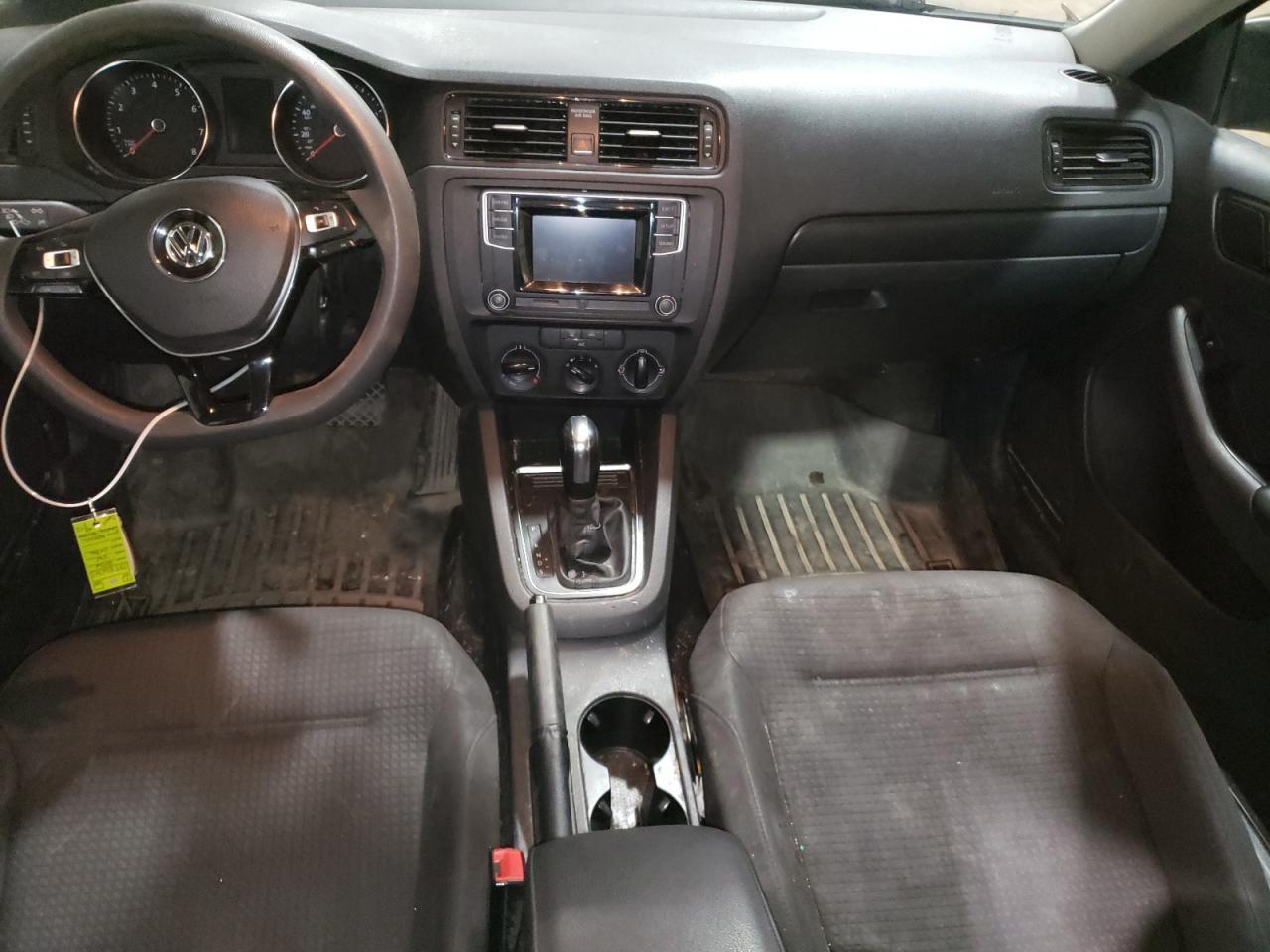 2016 VOLKSWAGEN JETTA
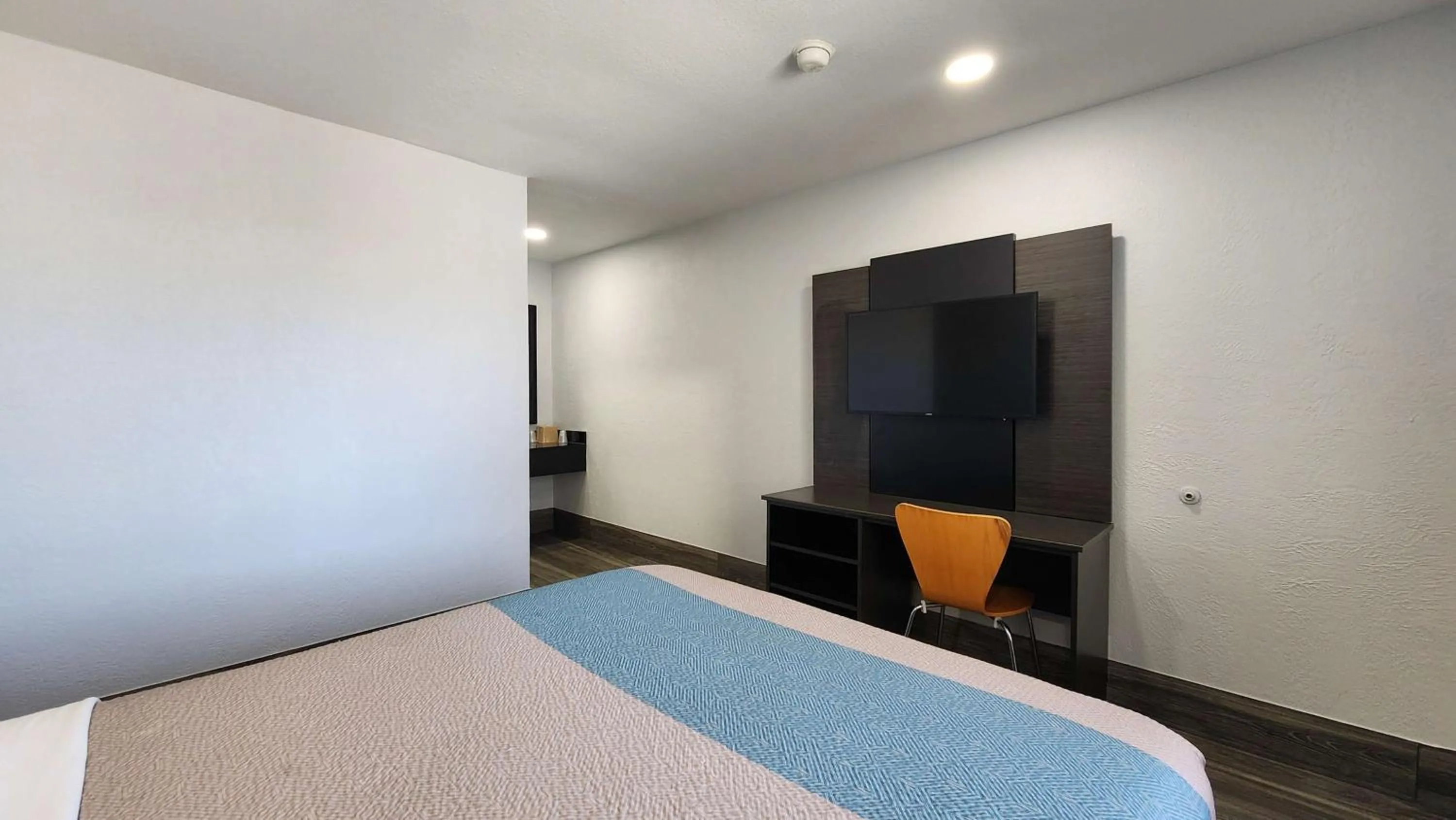 Bedroom, Bed in Motel 6-Galveston, TX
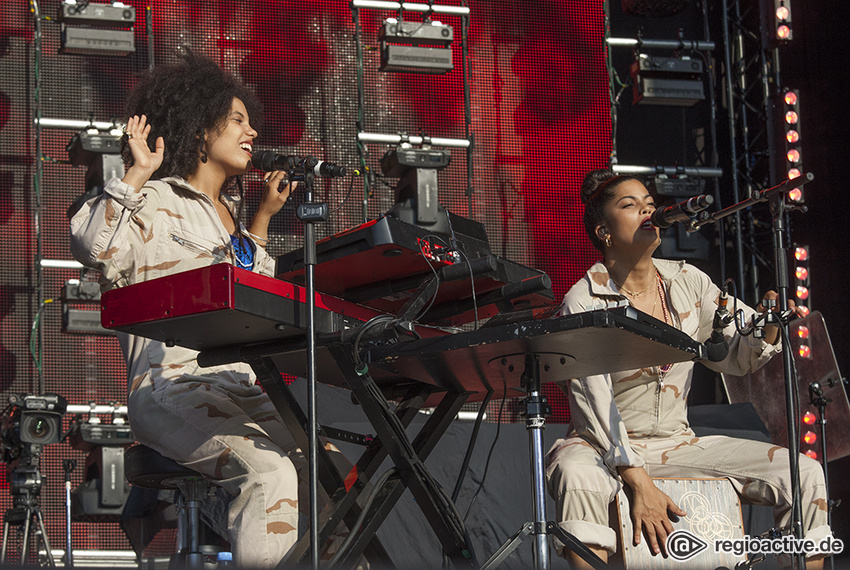 Ibeyi (live in Stuttgart, 2018)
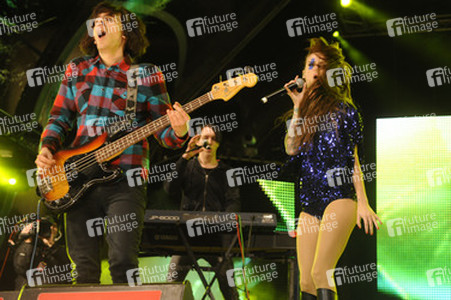 Christoph Deckert, Joe Walter Müller, Jennifer Weist (Jennifer Rostock)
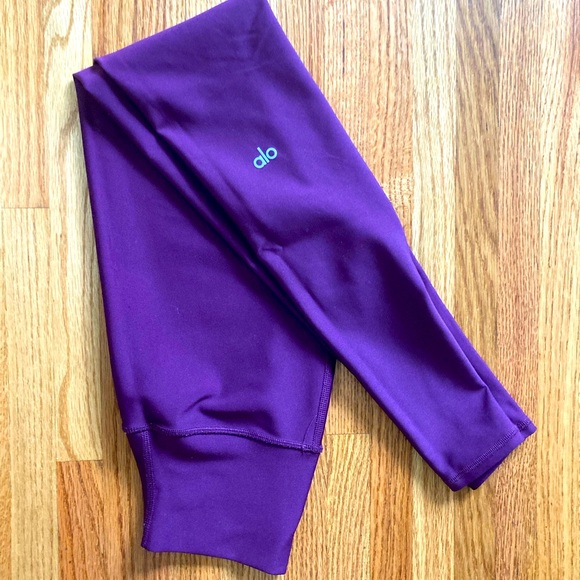 ALO Yoga Other - Aloyoga Airlift Purple/ burgundy wine 🍷color.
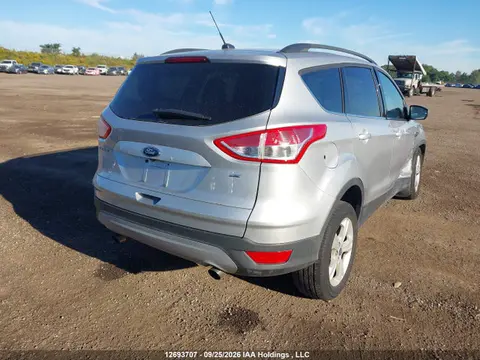 2015 Ford ESCAPE SE VIN 1FMCU0G7XFUC18187 фото 4
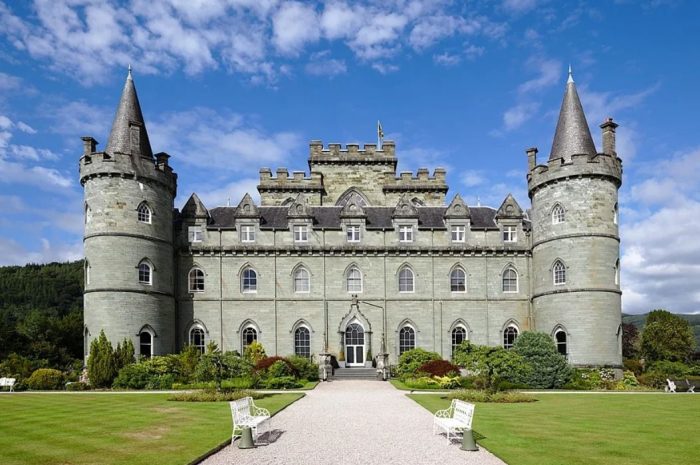 22 symbolic meanings of dreaming about palaces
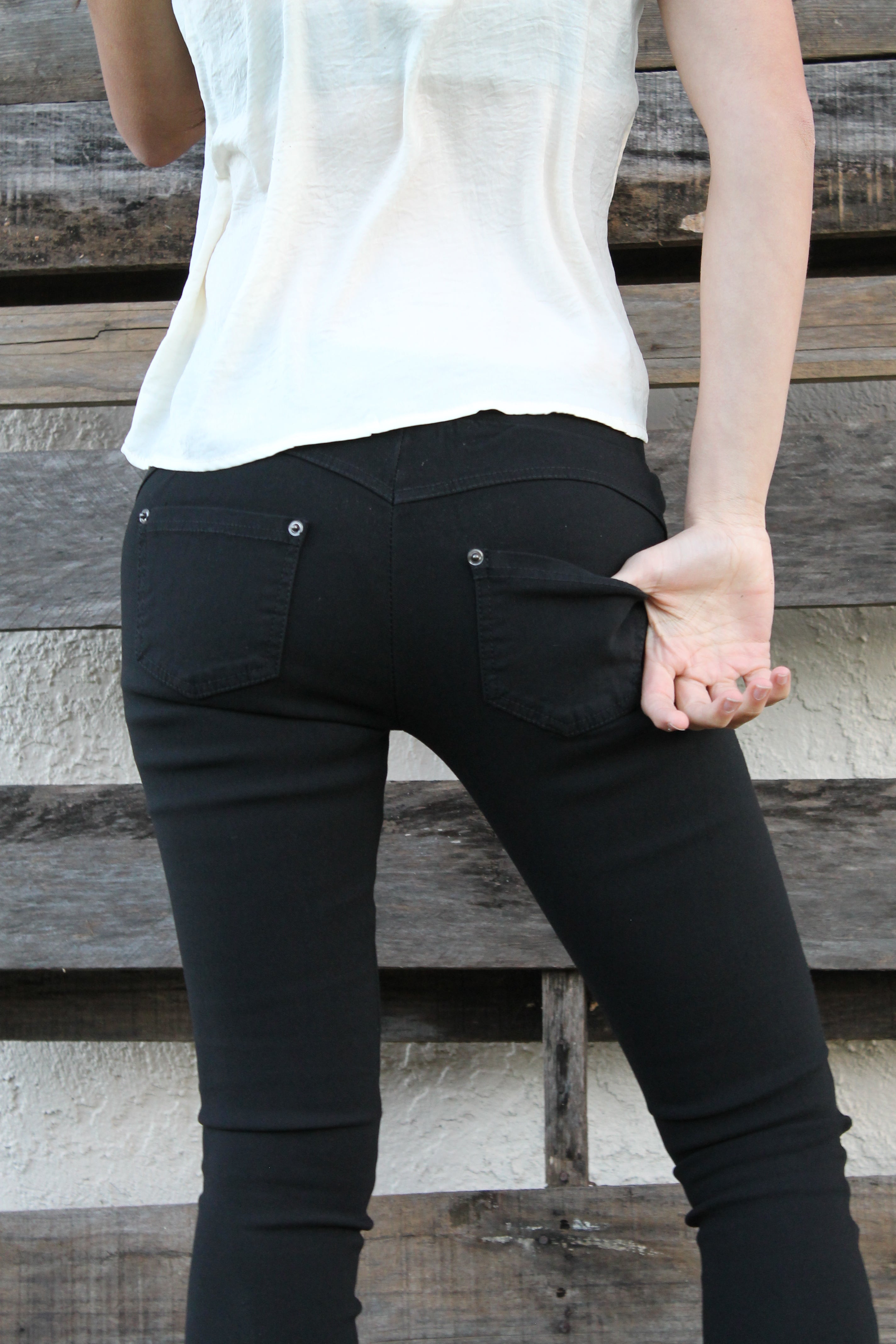 Ripped & Rarin' Bottoms in Black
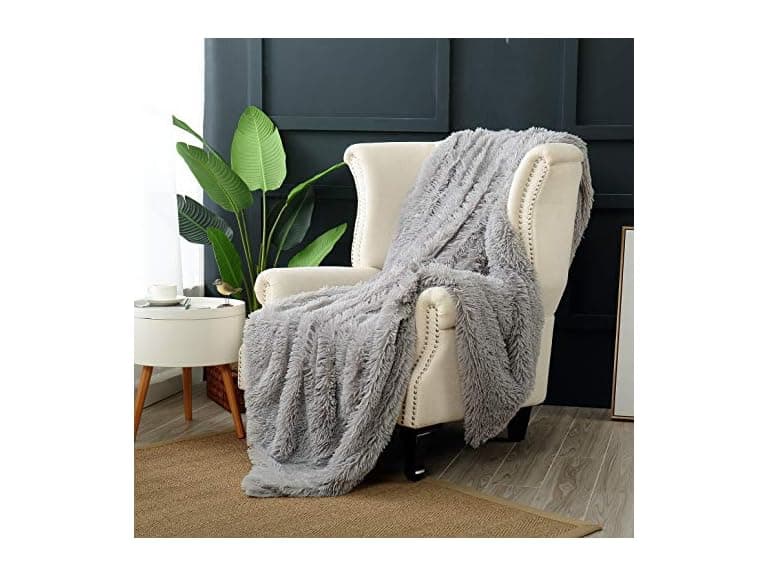 Reafort 60"x70" Luxury Shaggy Fur Throw - Image 1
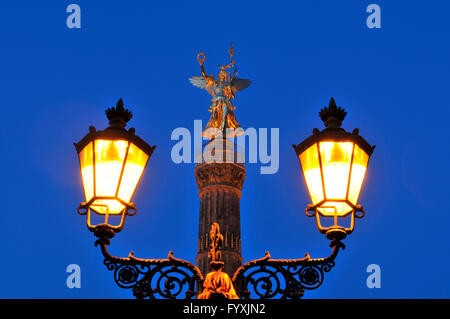 Laterne, Siegessäule, goldene Statue von Victoria, Göttin des Sieges, Tiergarten, Berlin, Deutschland / Siegessäule Stockfoto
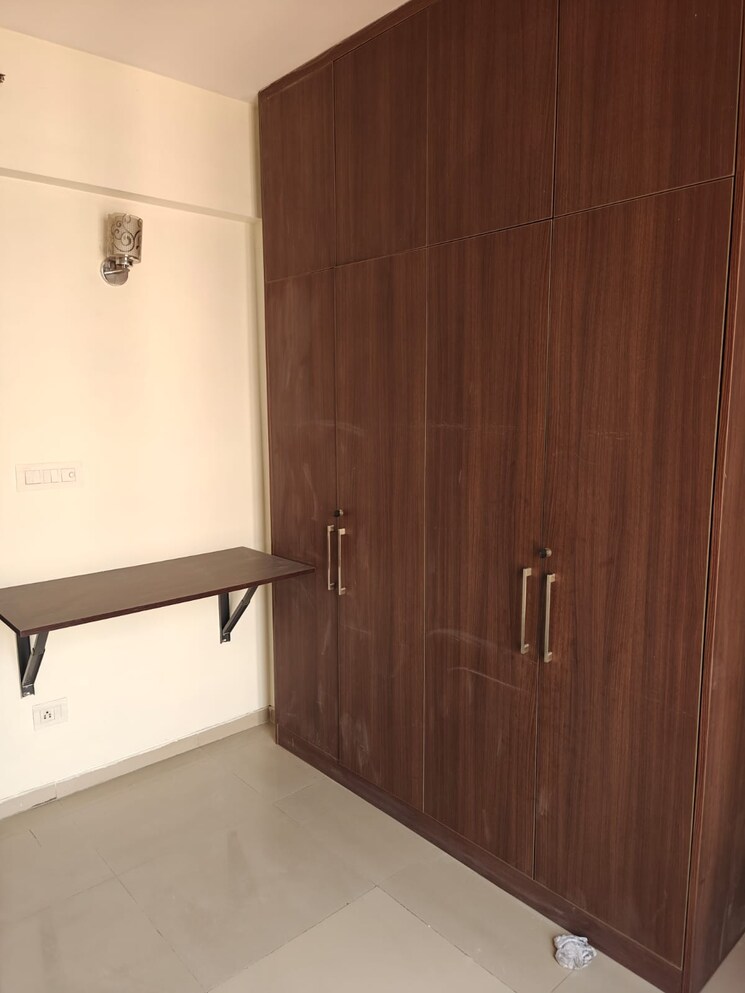Room, sector 22 dwarka 3 Bedroom 2000 Sq.Ft. Apartment In Sector 22 Dwarka Delhi 8692271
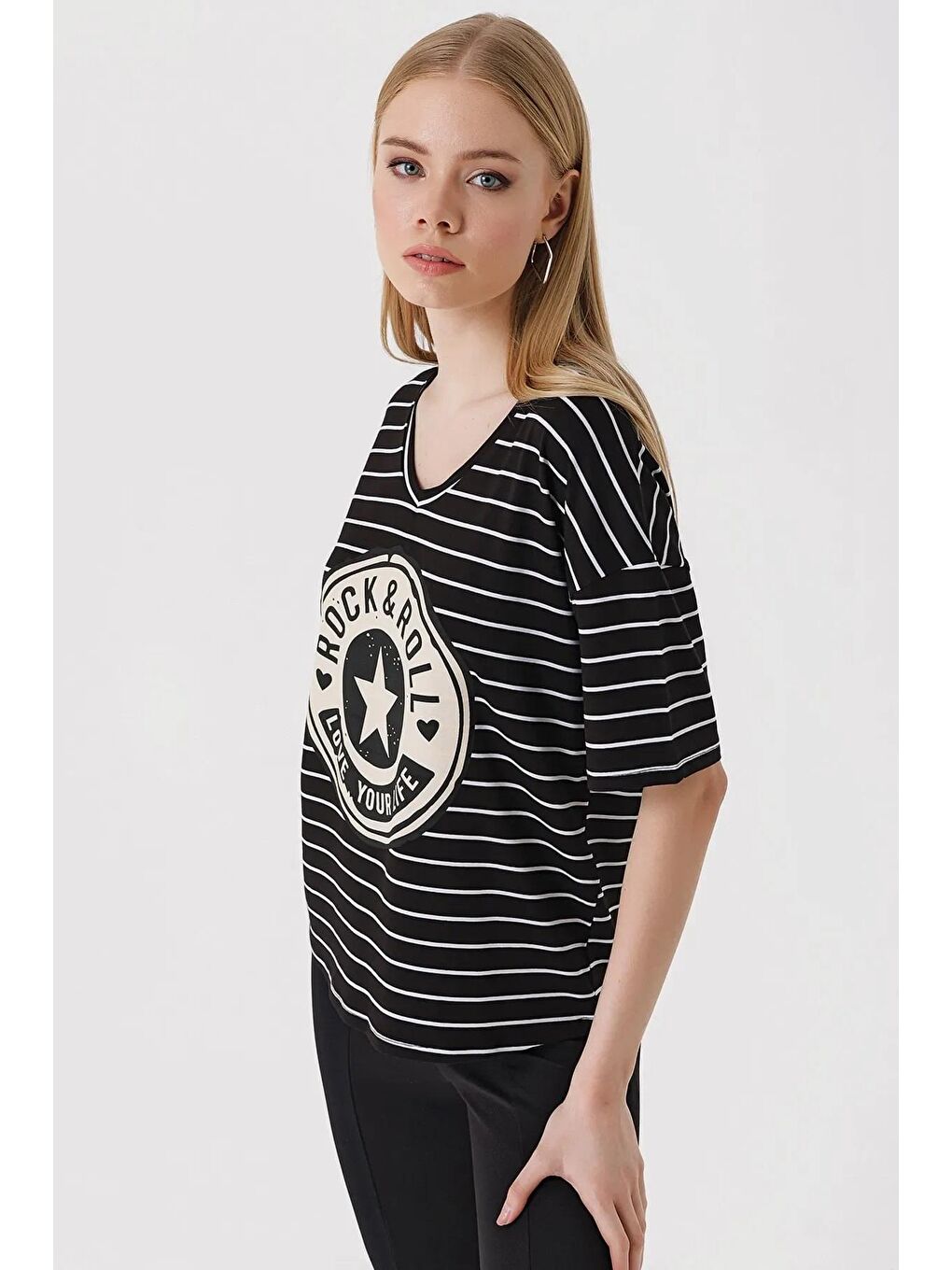 Kadın Siyah V Yaka Baskılı Çizgili Rahat Kalıp Hafif Oversize Tişört HZL23S-BD143031-2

_WHAT THIS TASK INVOLVES:_ Repeat all the material above exactly, apart from the pictures.

_RESULT FOR THIS EXERCISE:_
 2016 VOLKSWAGEN JETTA
 Bedroom, Bed in Motel 6-Galveston, TX
 Ibeyi (live in Stuttgart, 2018)
 Christoph Deckert, Joe Walter Müller, Jennifer Weist (Jennifer Rostock)
 ALO Yoga Other - Aloyoga Airlift Purple/ burgundy wine 🍷color.
 2015 Ford ESCAPE SE VIN 1FMCU0G7XFUC18187 фото 4
 22 symbolic meanings of dreaming about palaces
 Ripped & Rarin' Bottoms in Black
 Reafort 60"x70" Luxury Shaggy Fur Throw - Image 1
 Laterne, Siegessäule, goldene Statue von Victoria, Göttin des Sieges, Tiergarten, Berlin, Deutschland / Siegessäule Stockfoto
Room, sector 22 dwarka 3 Bedroom 2000 Sq.Ft. Apartment In Sector 22 Dwarka Delhi 8692271
 Kadın Siyah V Yaka Baskılı Çizgili Rahat Kalıp Hafif Oversize Tişört HZL23S-BD143031-2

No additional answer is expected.